The Kiese Laymon Book Club: Part Four


because of Marquez

Dear Class,

I did not understand what Ms. Jackson was saying. I won the contest. I actually won the contest. I wrote the best essay. All of the seventh-grade teachers voted and agreed that I had won. But they also voted and agreed that I should not win. Why was this happening? Even though I won the contest, I could not be the winner and read my essay at seventh grade graduation. But I wrote the winning essay and whoever wrote the winning essay got to read their essay for seventh grade graduation. I won. I wrote the best essay. But Ms.
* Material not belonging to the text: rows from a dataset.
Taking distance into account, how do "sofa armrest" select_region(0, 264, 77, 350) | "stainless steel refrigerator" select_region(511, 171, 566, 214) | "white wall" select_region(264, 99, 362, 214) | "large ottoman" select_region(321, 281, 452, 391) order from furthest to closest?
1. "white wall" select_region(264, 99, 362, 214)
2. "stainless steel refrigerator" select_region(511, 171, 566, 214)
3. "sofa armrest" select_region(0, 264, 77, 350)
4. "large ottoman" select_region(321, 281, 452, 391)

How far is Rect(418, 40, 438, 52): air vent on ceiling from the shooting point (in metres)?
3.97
Jackson stood there and told me I could not be the winner because Marquez needed to win. I was a Black girl, but Marquez was a Black boy. Marquez was not that bright. Marquez did not wear the nicest tennis shoes. Marquez got picked on for not being bright and for not having the nicest tennis shoes. Ms. Johnson did not say these things to me. She instead told me that Marquez needed to win because I had won too many things at Fernbank Elementary School of liberal, white, progressive Atlanta, Georgia. She told me that sometimes, other people needed a chance to win. Yes, I got to be Aunt Polly in the seventh-grade play, and yes, I won best actress. Yes, my poems won contests and got published in the school newspaper and got hung in the hallways for the corporate sponsors to see on site visits. Yes, our teams won the quiz bowls and the black history bowls, and yes, I always knew the winning answers. Yes, I was dark and weird and a nerd, and I never got valentines from any of the boys in class that I liked. Yes, the light-skinned girls with not frizzy hair always got valentines from the boys I liked. Yes, I made the boys laugh, but I never got a valentine. Yes, I spent two weeks planning my outfit for the seventh-grade dance and the entire day rolling my hair so that it would not get frizzy. Yes, none of the boys asked me to dance. Yes, the kids made fun of me for not having anybody to dance with. Yes, it hurt.
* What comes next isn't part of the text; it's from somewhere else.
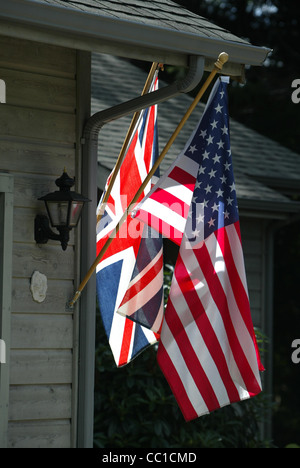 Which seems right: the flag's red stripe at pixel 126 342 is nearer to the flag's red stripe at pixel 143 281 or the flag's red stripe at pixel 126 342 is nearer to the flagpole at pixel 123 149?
the flag's red stripe at pixel 143 281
But for the reasons that I could not comprehend, Marquez needed to win more than I did. Marquez winning just made more sense, and my confusion and hurt made me ungrateful and conceited. I did not understand why they sent the only woman that was the only Black seventh grade teacher to tell me that I had won too much, and that Marquez needed to win. I did not understand why she told me that they were going to let me write and recite a poem instead. I did not understand why Ms. Jackson spent the next 15 minutes correcting my pronunciation of “poem;” I was saying PO-me when I should have been saying po-UHM. I did not understand why my parents also agreed that I had won too much and that the teachers were right to let Marquez win. If Jesus was pleased with my work, nothing else mattered. It was selfish and un-Christlike to want too much. When we are highly blessed, it is important to let other people win. But none of the boys wanted to dance with me at the seventh-grade dance. No one saw how much I wanted my hair to stay straight so that one day, I could get a valentine from a boy I liked.
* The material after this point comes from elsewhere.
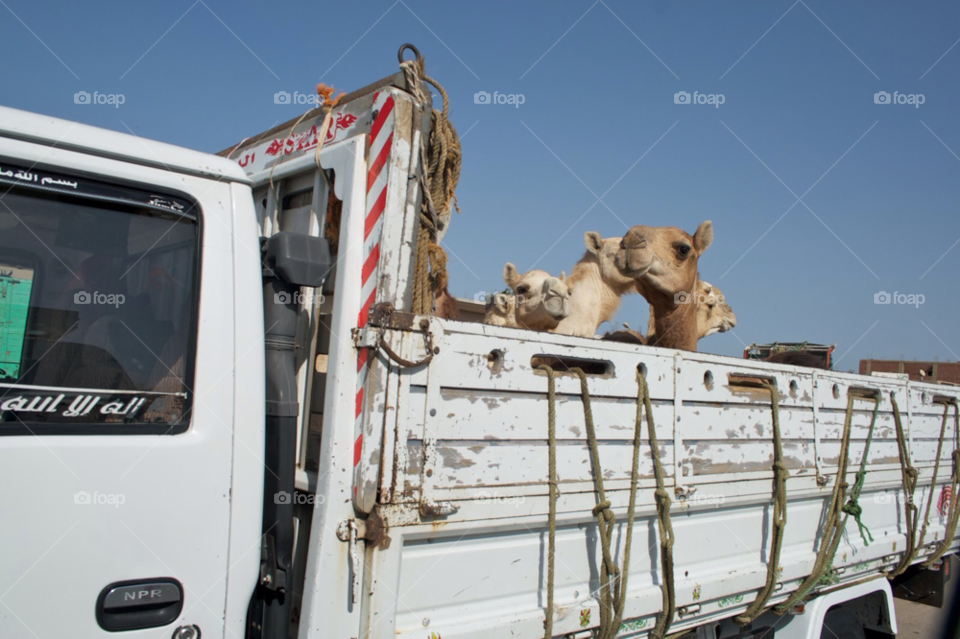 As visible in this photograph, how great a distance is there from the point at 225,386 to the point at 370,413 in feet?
1.40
Ms. Jackson edited my poem and took out what she thought were the angry parts. Even though Marquez stumbled over his essay, it made the good white people in the room feel good. It made the good Black people in the room feel good. My teachers smiled brightly at Marquez. He won. And then I understood what I was supposed to be doing. Seeing a Black girl win too much disturbed the peace. My job was to defer to Black boys and Black men because seeing Black boys and Black men win would right the ills of the world. Seeing Marquez stumble over his speech made folks feel a way that my wins would never make folks feel. My wins made folks uncomfortable. Marquez’s wins make folks feel good. And I was thirteen. But I was already tired. I began to learn that it was easier, simpler, and quicker to just defer. So two years later when my boyfriend told me that if I didn’t have sex with him, he would cheat on me with someone who would, I let him take me to the muddy train tracks behind school and that is how I lost my virginity. There were no satin sheets and candles and proclamations of love that thirteen-year-old Berlisha imagined, just mud and blood. A few months later when my classmate and her friends confronted me in the gym and told me that my boyfriend got sexually aggressive and violent with her when they were dancing together at a party that my mama would not let me go to, I deferred to him. Telling her about that one time he succeeded in forcing himself inside of me and how much it hurt would mean that he would lose, and Black boys must always win. Plus, she did not understand. No one wanted to hear Black girls’ stories which means that no one cared about the truth. So, I let her believe that it was her fault for dancing with my boyfriend at the party I wanted to be at, but could not go to because good Black girls did not go to parties, anyway. That story was easier to live with than the truth.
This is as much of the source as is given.